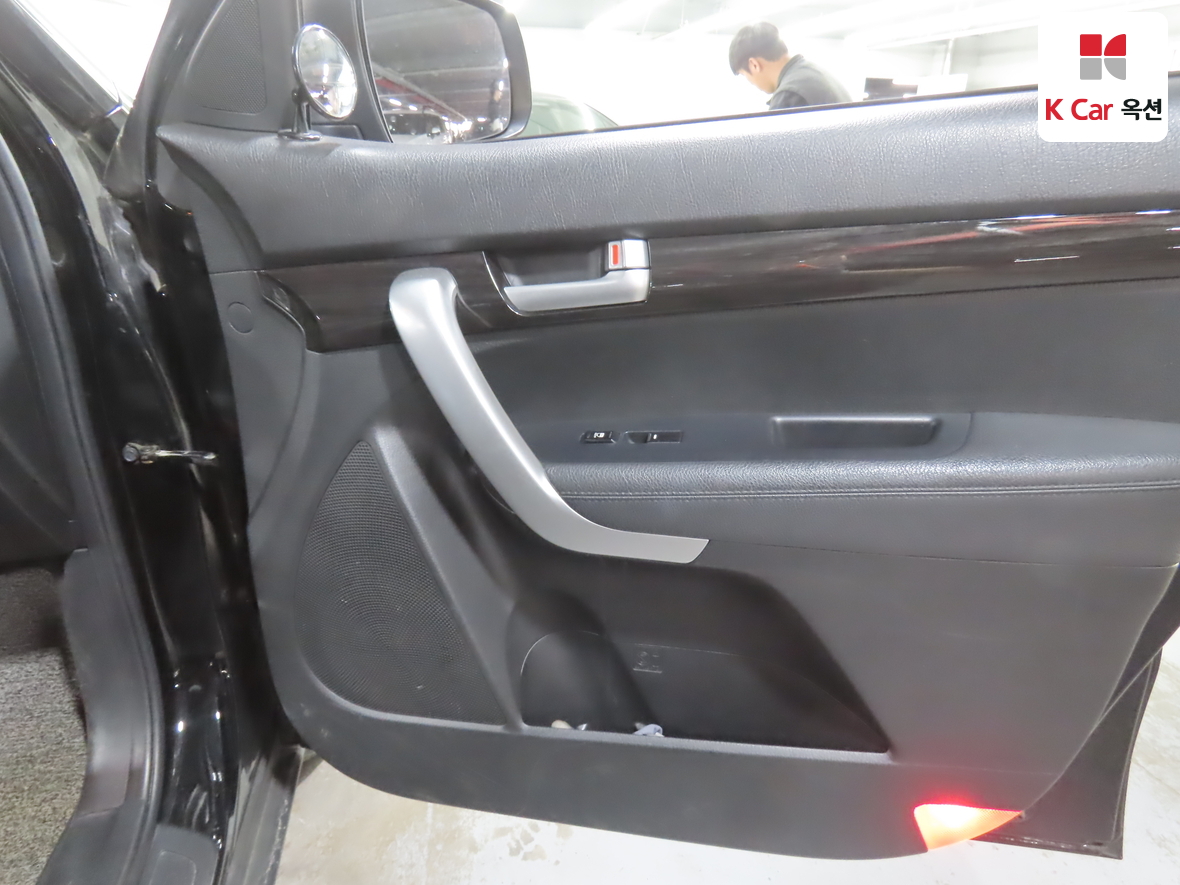 Kia Sorento 2011 - Image 30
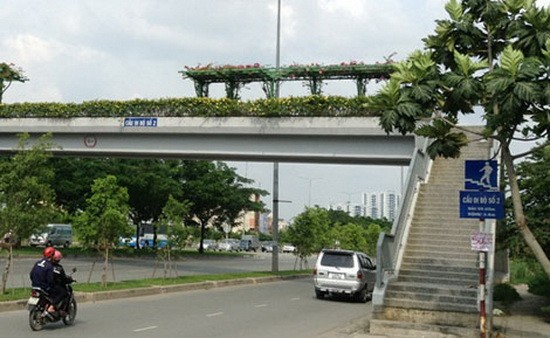 圖為本市某一座步行橋。（圖源：互聯網）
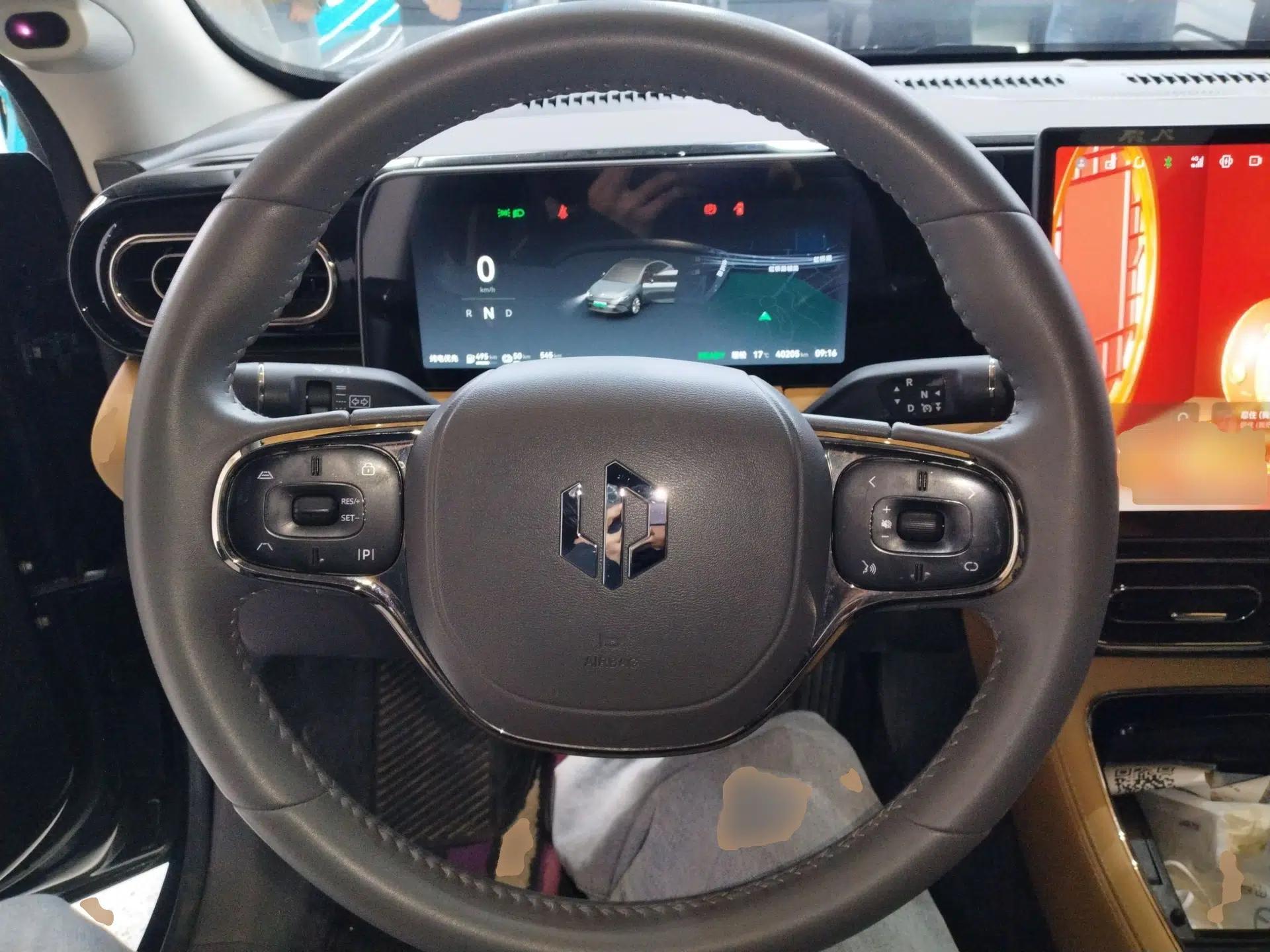 Leapmotor C01 2024 Range-Extended 216 Luxury Edition — миниатюра 13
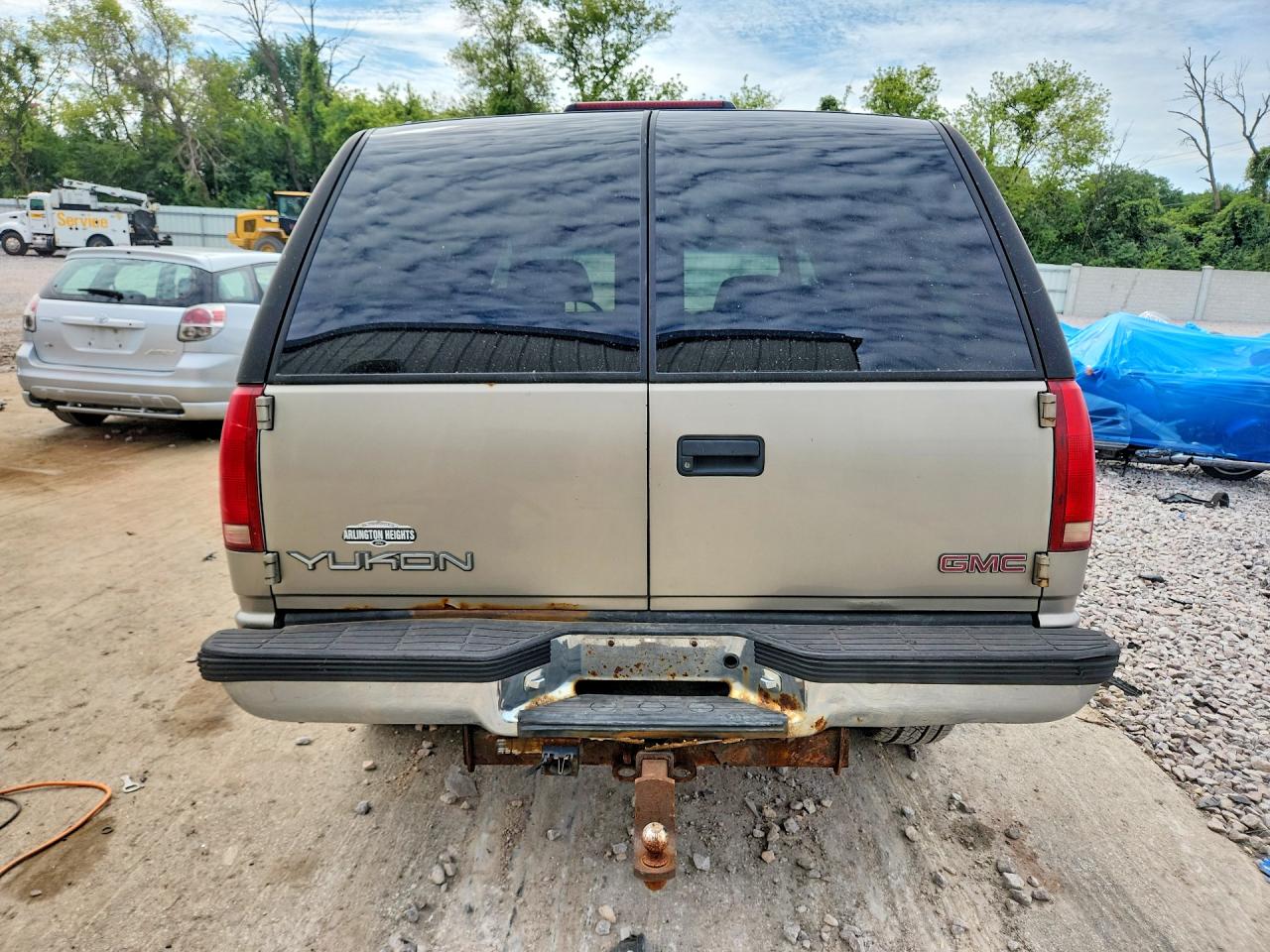 1999 Gmc Yukon Серебряный vin: 1GKEK13R2XJ701115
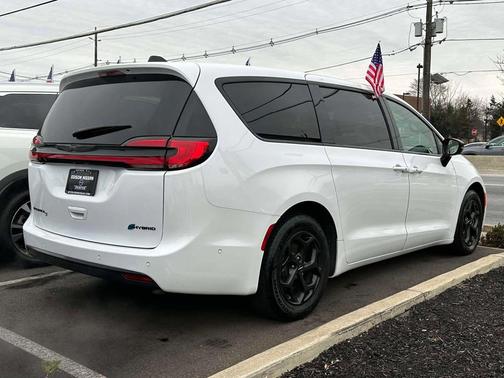 2024 Chrysler Pacifica Hybrid S Appearance Pkg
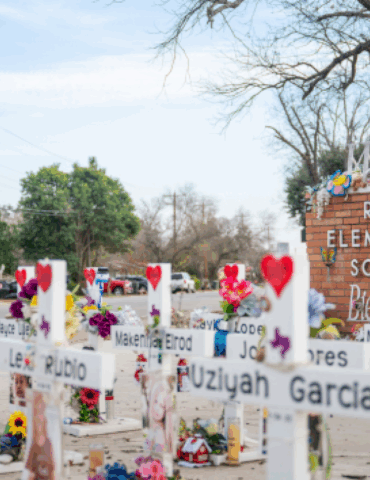 uvalde-trial:-former-school-police-officer-adrian-gonzales-found-not-guilty-on-all-counts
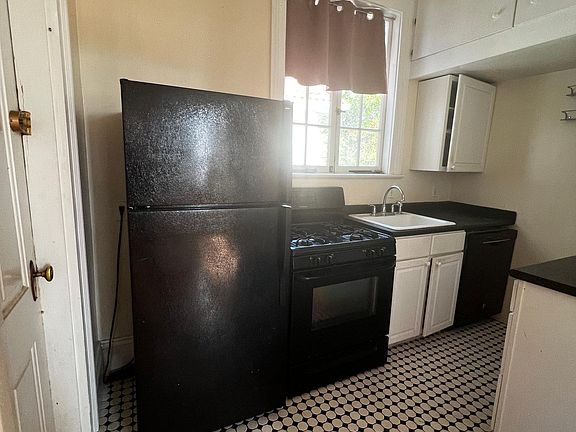 4th image of 4201 Saint Charles Ave #6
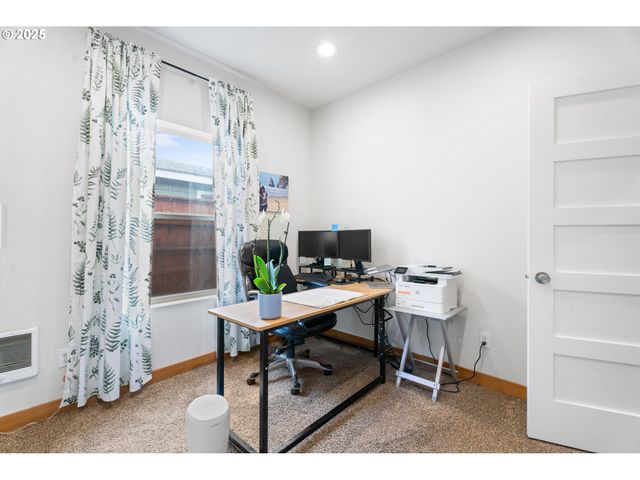 114 PINE St, St Helens, OR 97051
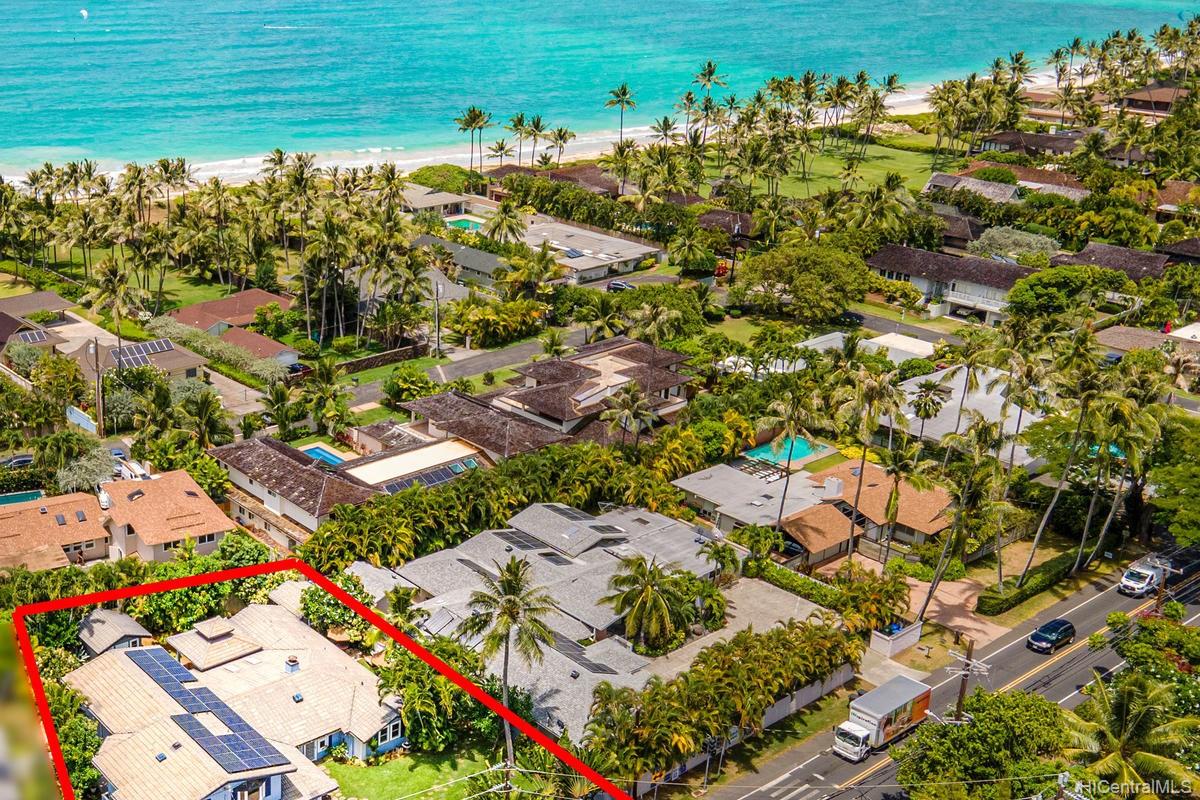 6 North Kalaheo Avenue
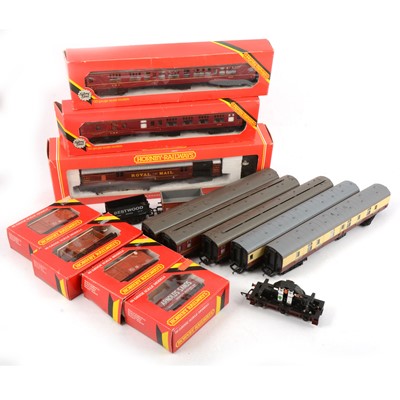 Lot 54 - Hornby OO gauge model railway passenger coaches and wagons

-=-=-=-=-

→ **DESCRIPTION OF THE TASK**: Retype exactly the lines from the line containing "圖為本市某一座步行橋。（圖源：互聯網）" through the end of the entries above, including both ends, and leave every picture out.

→ **SOLUTION BELOW**:
 圖為本市某一座步行橋。（圖源：互聯網）
 Leapmotor C01 2024 Range-Extended 216 Luxury Edition — миниатюра 13
 1999 Gmc Yukon Серебряный vin: 1GKEK13R2XJ701115
 2024 Chrysler Pacifica Hybrid S Appearance Pkg
 uvalde-trial:-former-school-police-officer-adrian-gonzales-found-not-guilty-on-all-counts
 4th image of 4201 Saint Charles Ave #6
 114 PINE St, St Helens, OR 97051
 6 North Kalaheo Avenue
 Lot 54 - Hornby OO gauge model railway passenger coaches and wagons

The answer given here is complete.